The screenplay for 2001: A Space Odyssey by Kubrick and Clarke was originally written with narration to guide us thorough the story, but Kubrick chose to eliminate the narrator, opting for a more mysterious audiovisual experience for the audience. For Clarke’s version of the story in the novel, he included the explanatory material from the script’s narration, presenting the story in a more linear manner. 

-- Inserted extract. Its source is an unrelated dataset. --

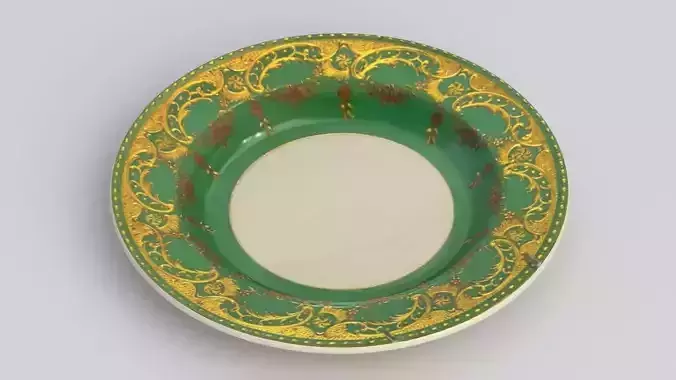 Antique and vintage plate v7 3D model 2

While there’s much of interest in the film, we’re focusing solely on the two scenes involving the discovery of extraterrestrial intelligence, and the U.S. government’s choice to keep it secret. There were differences in how the scenes were presented between the screenplay, finished film, then in Clarke's novel.

 

Scene One: Dr. Floyd’s Talk on the Moon Base

 The Screenplay:

“FLOYD: First of all, I bring a personal message from Dr. Howell, who has asked me to convey his deepest appreciation to all of you for the personal sacrifices you have made, and of course his congratulations on your discovery which may well prove to be among the most significant in the history of science.

POLITE APPLAUSE.

FLOYD (cont'd): Mr. Halvorsen has made known to me some of the conflicting views held by many of you regarding the need for complete security in this matter, and more specifically your strong opposition to the cover story created to give the impression there is an epidemic at the Base. I understand that beyond it being a matter of principle, many of you are troubled by the concern and anxiety this story of an epidemic might cause your relatives and friends on Earth.

I can understand and sympathize with your negative views. I have been personally embarrassed by this cover story. But I fully accept the need for absolute secrecy and I hope you will.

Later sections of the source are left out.